[[ INPUT DATA, beginning ]]

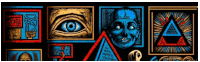 a colorful drawing of a pyramid and a skull with the words " it 's almost friday "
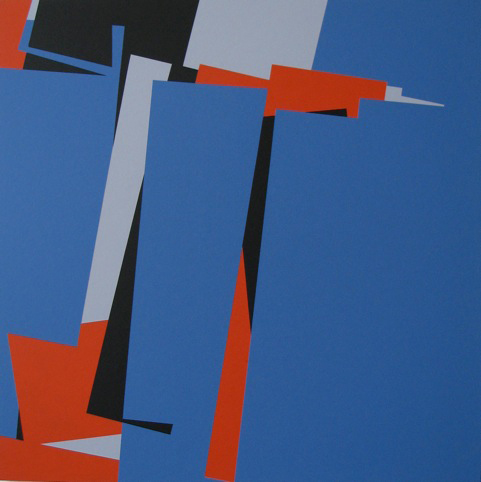 Tafelbild 97 | 1997 | Acryl, Dispersion auf Holz | 87 x 87 cm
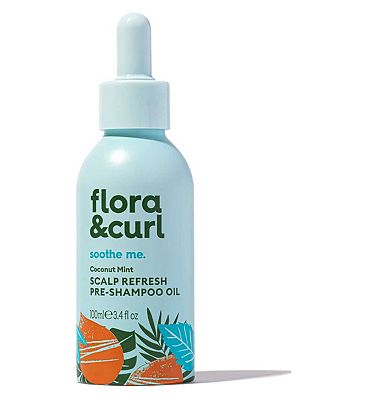 Flora & Curl Coconut Mint Scalp Refresh Pre-Shampoo Oil 100ml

[[ INPUT DATA, end ]]

> _WHAT YOU SHOULD DO_
Take the line containing "Tafelbild 97 |" and every line after it up to the end of the data, and write them out exactly, without the pictures.

> _RESULT OF THE EXERCISE_
 Tafelbild 97 | 1997 | Acryl, Dispersion auf Holz | 87 x 87 cm
 Flora & Curl Coconut Mint Scalp Refresh Pre-Shampoo Oil 100ml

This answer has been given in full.